How to complete this task >> From the entries below, copy every line where the string "tweet" appears.

Task input >>
§ §
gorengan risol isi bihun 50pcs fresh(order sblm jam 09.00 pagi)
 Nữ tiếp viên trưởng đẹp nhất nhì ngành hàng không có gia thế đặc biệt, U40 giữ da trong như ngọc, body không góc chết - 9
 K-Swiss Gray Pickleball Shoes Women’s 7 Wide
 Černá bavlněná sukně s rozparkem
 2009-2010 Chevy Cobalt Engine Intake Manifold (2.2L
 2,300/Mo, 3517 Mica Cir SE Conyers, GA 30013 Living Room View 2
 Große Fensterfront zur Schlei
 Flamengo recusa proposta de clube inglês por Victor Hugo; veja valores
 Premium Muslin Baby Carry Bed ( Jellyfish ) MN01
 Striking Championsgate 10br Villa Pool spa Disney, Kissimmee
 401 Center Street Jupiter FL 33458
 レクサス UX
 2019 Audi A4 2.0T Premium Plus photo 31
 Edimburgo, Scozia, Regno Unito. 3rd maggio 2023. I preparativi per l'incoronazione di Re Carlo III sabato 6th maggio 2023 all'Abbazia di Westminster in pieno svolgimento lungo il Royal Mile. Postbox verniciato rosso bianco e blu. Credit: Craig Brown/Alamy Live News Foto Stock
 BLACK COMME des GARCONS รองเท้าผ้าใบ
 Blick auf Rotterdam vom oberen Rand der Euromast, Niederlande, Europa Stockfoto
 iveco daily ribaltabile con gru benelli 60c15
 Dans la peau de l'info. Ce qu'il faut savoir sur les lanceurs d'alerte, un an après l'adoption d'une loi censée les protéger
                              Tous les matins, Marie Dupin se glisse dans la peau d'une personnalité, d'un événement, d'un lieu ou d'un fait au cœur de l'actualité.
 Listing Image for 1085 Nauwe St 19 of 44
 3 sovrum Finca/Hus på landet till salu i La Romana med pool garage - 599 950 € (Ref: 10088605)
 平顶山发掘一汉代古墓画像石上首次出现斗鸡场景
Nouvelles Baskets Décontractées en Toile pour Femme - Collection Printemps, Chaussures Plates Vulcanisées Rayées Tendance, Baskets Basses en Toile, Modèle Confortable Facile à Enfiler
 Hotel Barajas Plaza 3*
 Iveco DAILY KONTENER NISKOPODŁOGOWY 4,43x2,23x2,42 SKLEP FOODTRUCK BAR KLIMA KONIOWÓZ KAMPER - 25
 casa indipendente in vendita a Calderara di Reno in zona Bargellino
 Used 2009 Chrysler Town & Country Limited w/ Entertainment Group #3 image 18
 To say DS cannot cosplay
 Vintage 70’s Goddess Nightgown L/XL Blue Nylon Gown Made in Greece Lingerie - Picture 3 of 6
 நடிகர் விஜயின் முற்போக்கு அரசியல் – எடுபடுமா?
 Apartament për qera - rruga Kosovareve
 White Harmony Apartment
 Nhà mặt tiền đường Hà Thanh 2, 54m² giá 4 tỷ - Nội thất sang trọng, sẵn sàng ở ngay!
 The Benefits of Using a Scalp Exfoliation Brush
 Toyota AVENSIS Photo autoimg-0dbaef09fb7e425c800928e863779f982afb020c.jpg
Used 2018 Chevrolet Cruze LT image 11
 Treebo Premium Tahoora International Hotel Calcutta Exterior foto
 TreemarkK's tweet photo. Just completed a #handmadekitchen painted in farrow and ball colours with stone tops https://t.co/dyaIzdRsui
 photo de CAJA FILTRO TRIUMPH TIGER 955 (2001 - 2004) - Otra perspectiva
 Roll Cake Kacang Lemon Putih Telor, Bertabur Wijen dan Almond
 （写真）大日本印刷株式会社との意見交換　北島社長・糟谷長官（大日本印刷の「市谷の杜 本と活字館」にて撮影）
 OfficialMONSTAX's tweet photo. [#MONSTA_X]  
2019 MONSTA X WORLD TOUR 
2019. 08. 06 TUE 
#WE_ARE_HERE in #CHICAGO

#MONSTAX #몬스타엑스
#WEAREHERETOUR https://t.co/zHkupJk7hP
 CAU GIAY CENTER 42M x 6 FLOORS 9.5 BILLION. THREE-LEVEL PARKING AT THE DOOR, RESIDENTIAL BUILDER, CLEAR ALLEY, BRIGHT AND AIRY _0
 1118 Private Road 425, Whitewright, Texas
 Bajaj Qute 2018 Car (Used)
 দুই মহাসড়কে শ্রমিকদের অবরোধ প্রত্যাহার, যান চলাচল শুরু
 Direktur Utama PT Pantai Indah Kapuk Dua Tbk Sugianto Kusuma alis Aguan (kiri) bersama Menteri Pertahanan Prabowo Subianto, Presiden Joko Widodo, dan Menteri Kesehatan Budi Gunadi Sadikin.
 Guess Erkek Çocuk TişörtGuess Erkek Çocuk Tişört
§ §
Solution for this problem >>
 TreemarkK's tweet photo. Just completed a #handmadekitchen painted in farrow and ball colours with stone tops https://t.co/dyaIzdRsui
 OfficialMONSTAX's tweet photo. [#MONSTA_X]  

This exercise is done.